══ DATASET ══

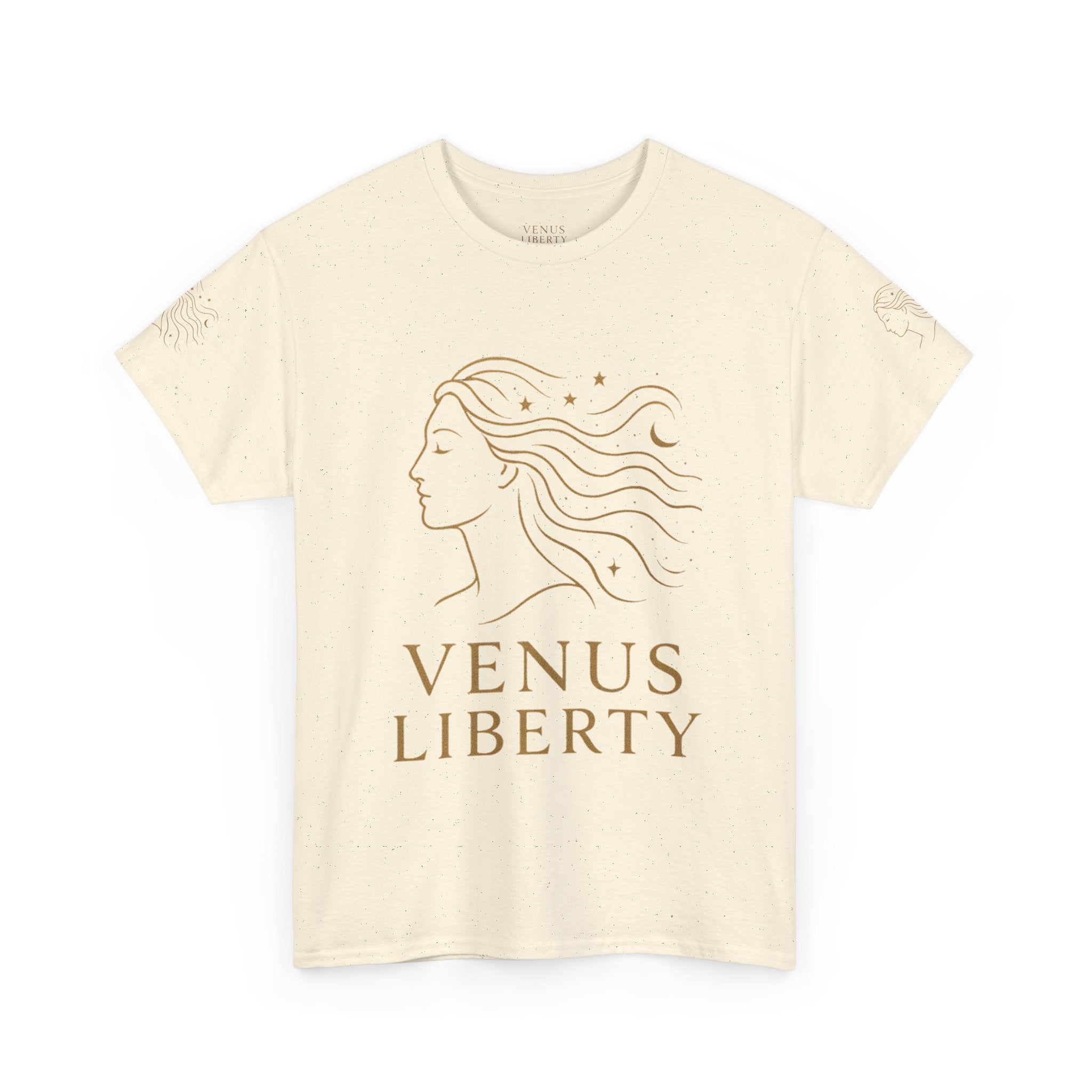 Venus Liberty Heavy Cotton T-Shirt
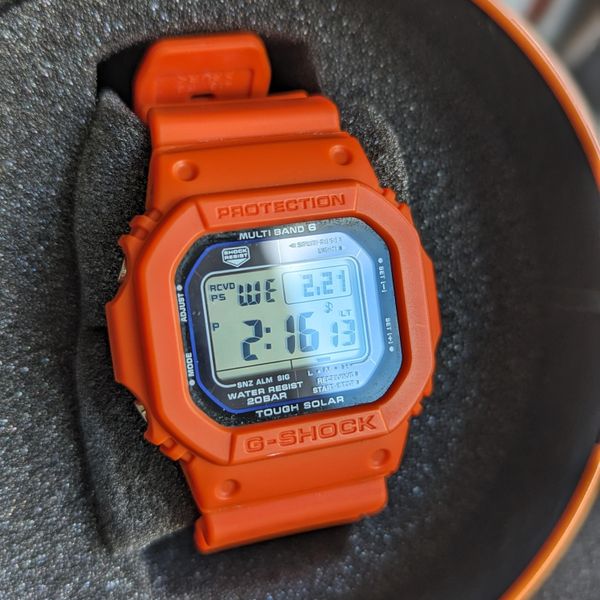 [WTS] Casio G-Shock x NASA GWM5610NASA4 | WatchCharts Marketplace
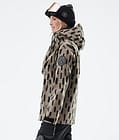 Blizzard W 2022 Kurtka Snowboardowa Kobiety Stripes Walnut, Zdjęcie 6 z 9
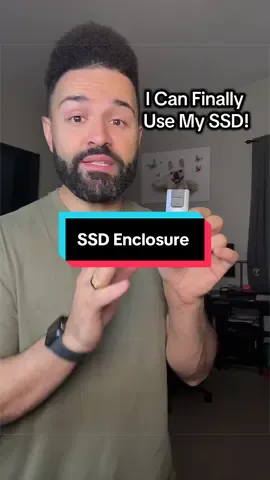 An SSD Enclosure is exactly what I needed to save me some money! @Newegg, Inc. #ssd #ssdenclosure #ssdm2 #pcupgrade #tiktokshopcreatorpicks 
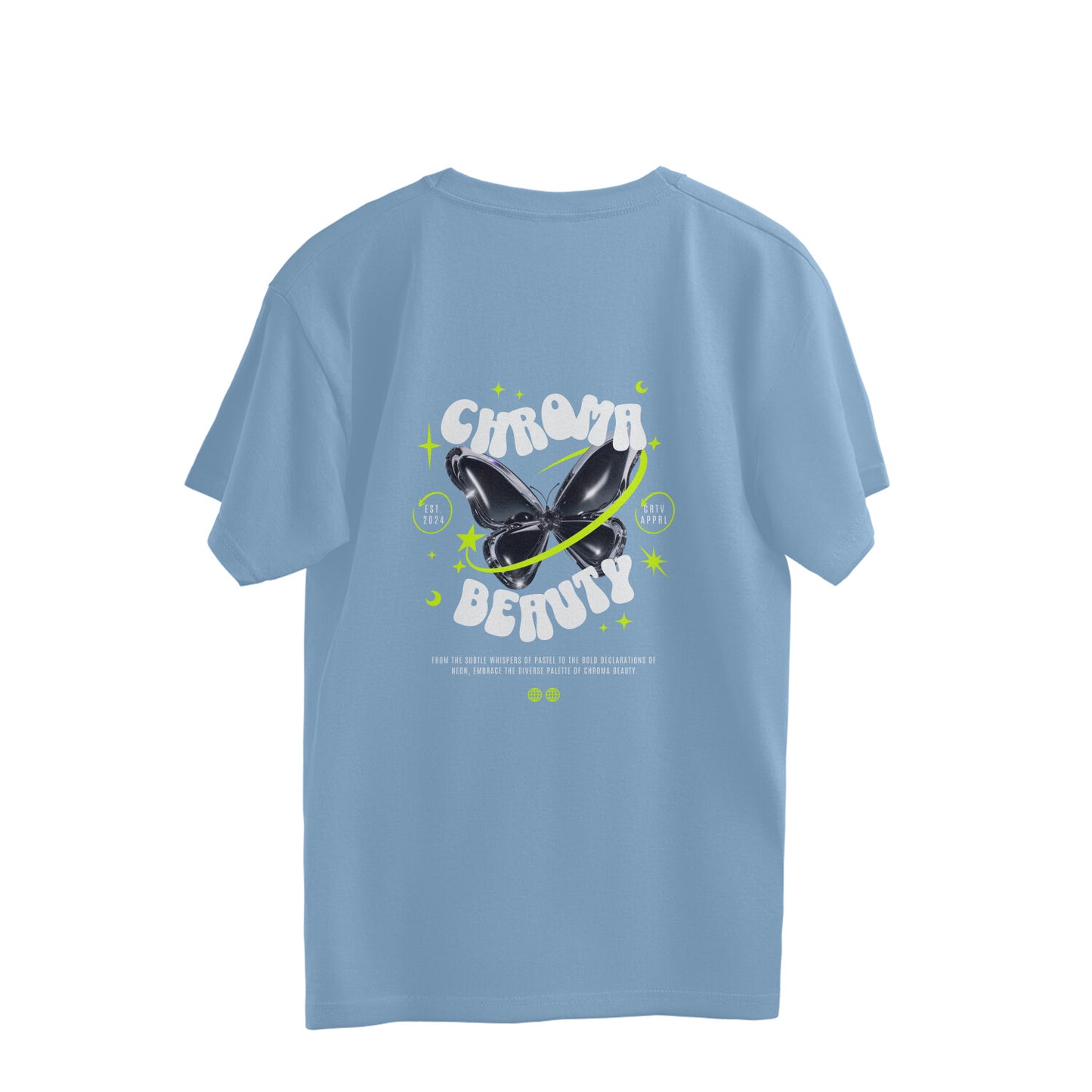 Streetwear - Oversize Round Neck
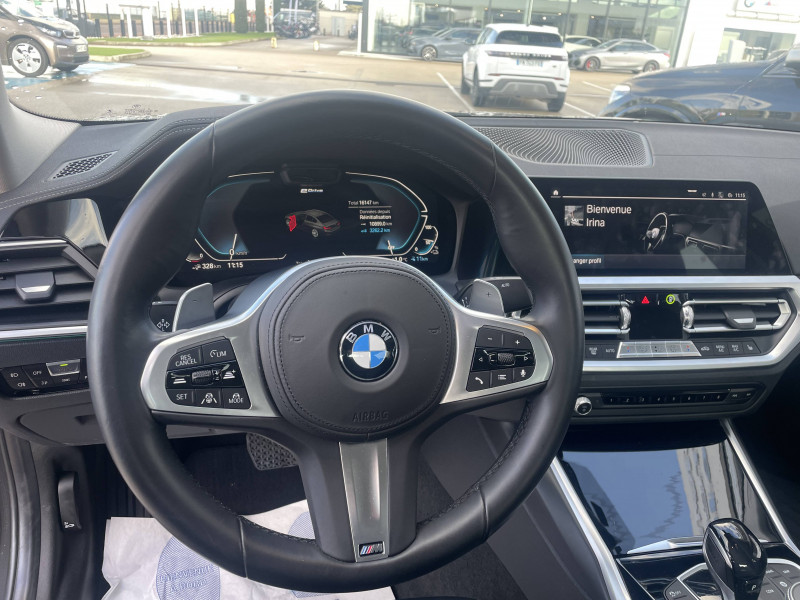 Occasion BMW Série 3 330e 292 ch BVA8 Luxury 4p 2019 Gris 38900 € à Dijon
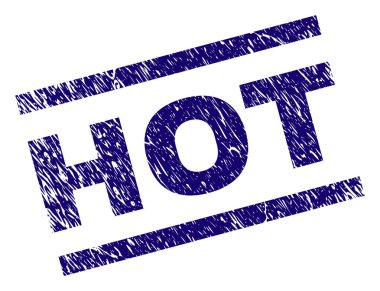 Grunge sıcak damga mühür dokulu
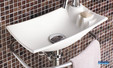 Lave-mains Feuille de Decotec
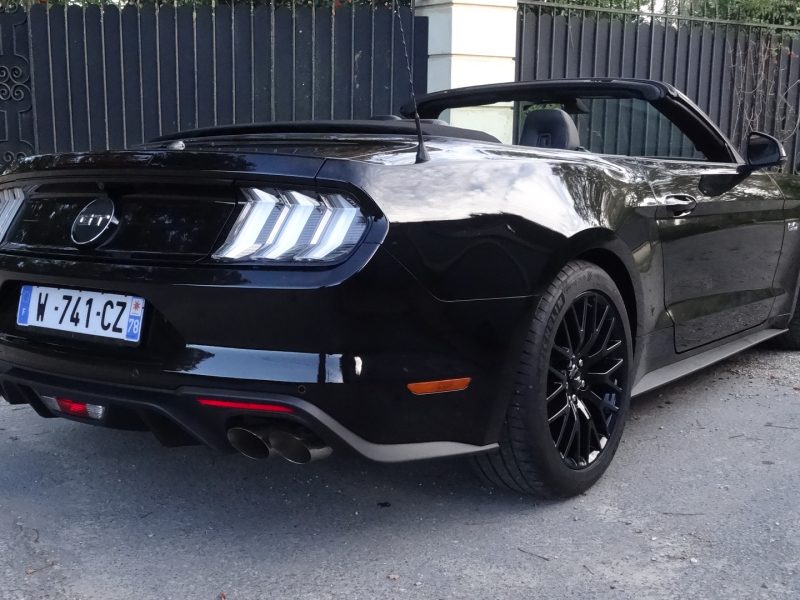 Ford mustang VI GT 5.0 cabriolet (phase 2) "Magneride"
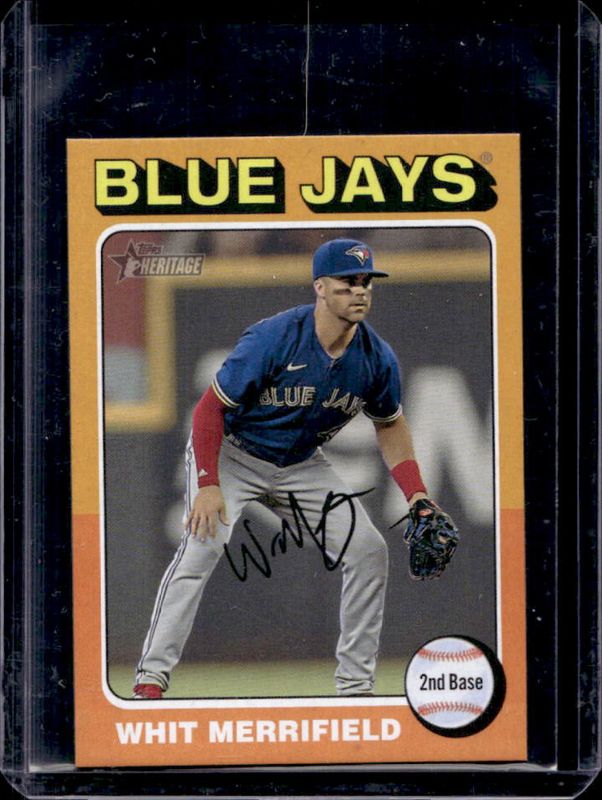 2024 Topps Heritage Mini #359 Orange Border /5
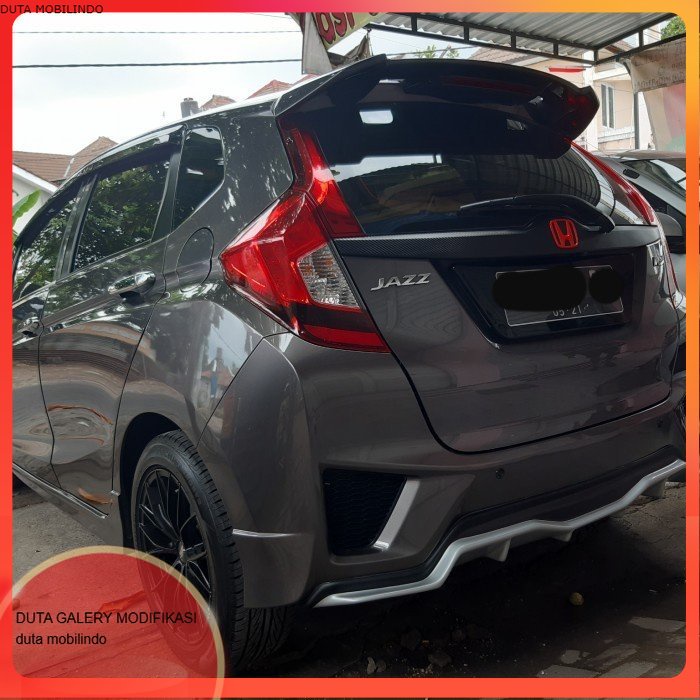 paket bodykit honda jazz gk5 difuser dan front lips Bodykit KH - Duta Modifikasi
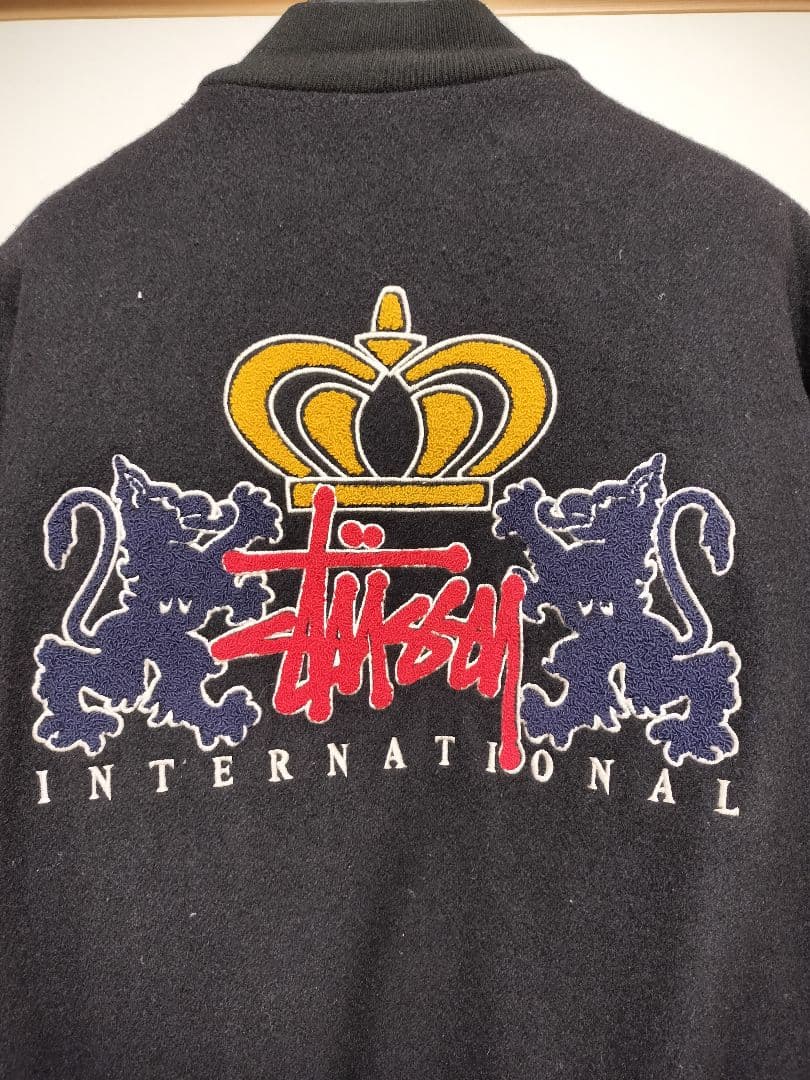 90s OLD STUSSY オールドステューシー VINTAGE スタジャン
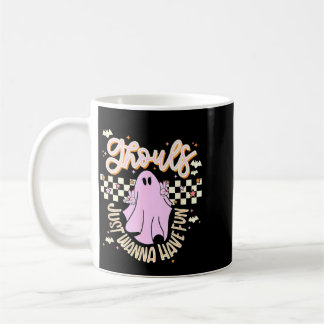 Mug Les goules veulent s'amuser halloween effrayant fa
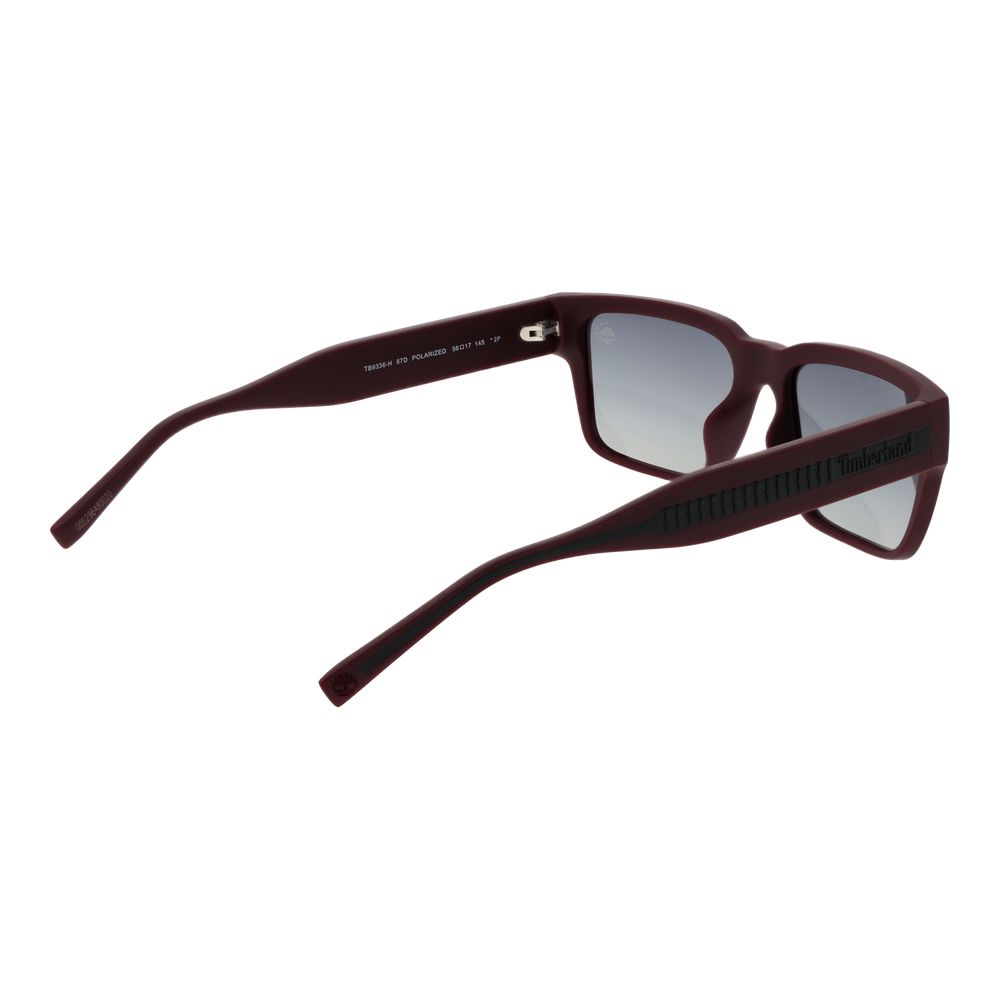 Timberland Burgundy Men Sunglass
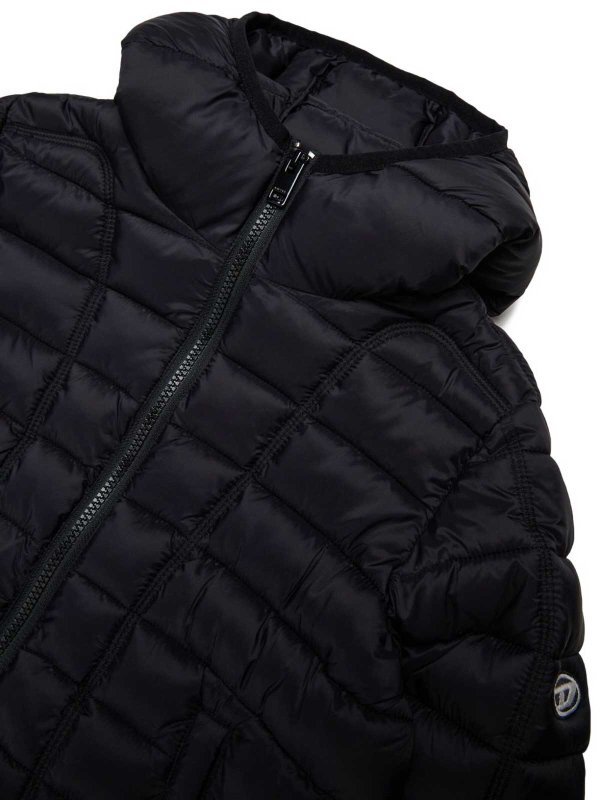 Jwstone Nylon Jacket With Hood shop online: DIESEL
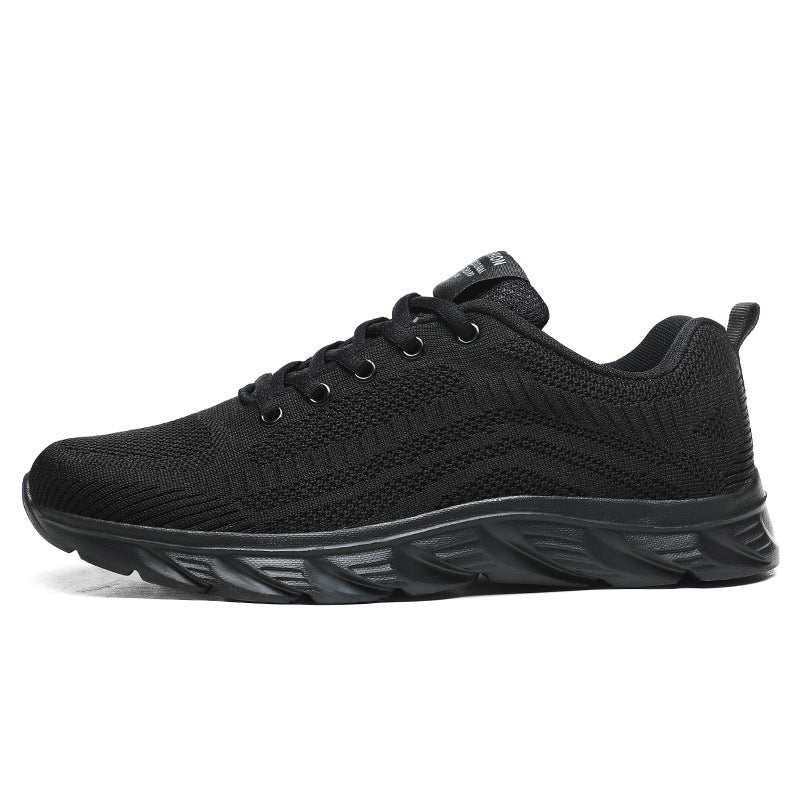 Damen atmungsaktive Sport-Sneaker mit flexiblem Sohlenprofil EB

═══

• WHAT YOU NEED TO DO: Give back the full data exactly as it reads, but drop the pictures.

• EXPECTED OUTPUT:
 Venus Liberty Heavy Cotton T-Shirt
 [WTS] Casio G-Shock x NASA GWM5610NASA4 | WatchCharts Marketplace
 Blizzard W 2022 Kurtka Snowboardowa Kobiety Stripes Walnut, Zdjęcie 6 z 9
 An SSD Enclosure is exactly what I needed to save me some money! @Newegg, Inc. #ssd #ssdenclosure #ssdm2 #pcupgrade #tiktokshopcreatorpicks 
 Streetwear - Oversize Round Neck
 Occasion BMW Série 3 330e 292 ch BVA8 Luxury 4p 2019 Gris 38900 € à Dijon
 Grunge sıcak damga mühür dokulu
 Lave-mains Feuille de Decotec
 Ford mustang VI GT 5.0 cabriolet (phase 2) "Magneride"
 2024 Topps Heritage Mini #359 Orange Border /5
 paket bodykit honda jazz gk5 difuser dan front lips Bodykit KH - Duta Modifikasi
 90s OLD STUSSY オールドステューシー VINTAGE スタジャン
 Mug Les goules veulent s'amuser halloween effrayant fa
 Timberland Burgundy Men Sunglass
 Jwstone Nylon Jacket With Hood shop online: DIESEL
 Damen atmungsaktive Sport-Sneaker mit flexiblem Sohlenprofil EB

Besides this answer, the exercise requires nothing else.